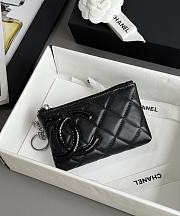 Chanel Quilted Calfskin Cambon Key Pouch Black - 13x8cm - 1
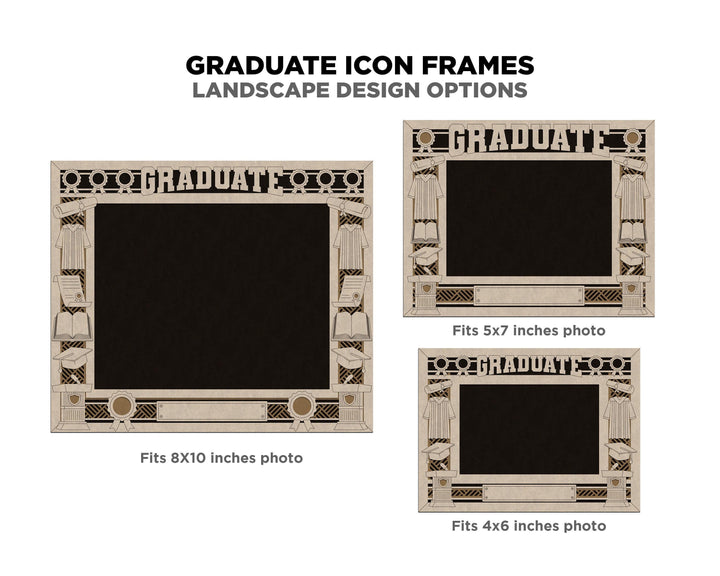 Graduate Icon Frames - Includes Frame Sizes 4x6, 5x7, 8x10 in Landscape and Portrait - Works with all Lasers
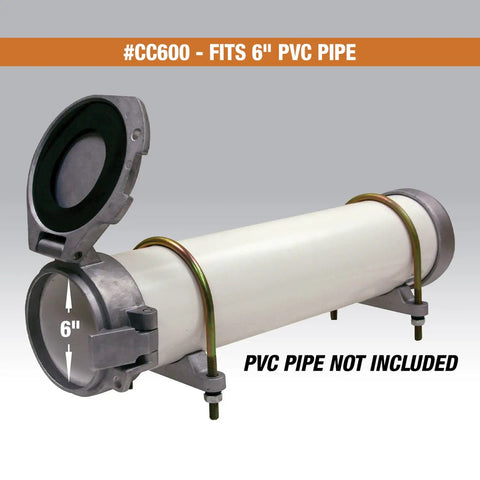 PVC Conduit Carrier Kit For Trucks 6 Inch Diameter Pipe Storage Rack With Weather Resistant Door open showing interior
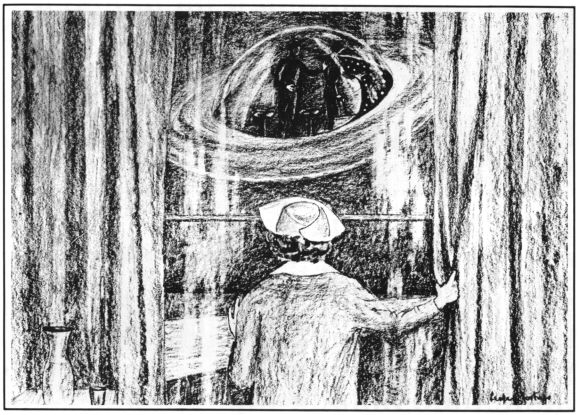 Drawing of Miss Kendall viewing UFO and its occupants.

EXERCISE DESCRIPTION —
Could the material above be given again exactly, pictures excluded?

EXERCISE RESULT —
 Chanel Quilted Calfskin Cambon Key Pouch Black - 13x8cm - 1
 Graduate Icon Frames - Includes Frame Sizes 4x6, 5x7, 8x10 in Landscape and Portrait - Works with all Lasers
 PVC Conduit Carrier Kit For Trucks 6 Inch Diameter Pipe Storage Rack With Weather Resistant Door open showing interior
 Drawing of Miss Kendall viewing UFO and its occupants.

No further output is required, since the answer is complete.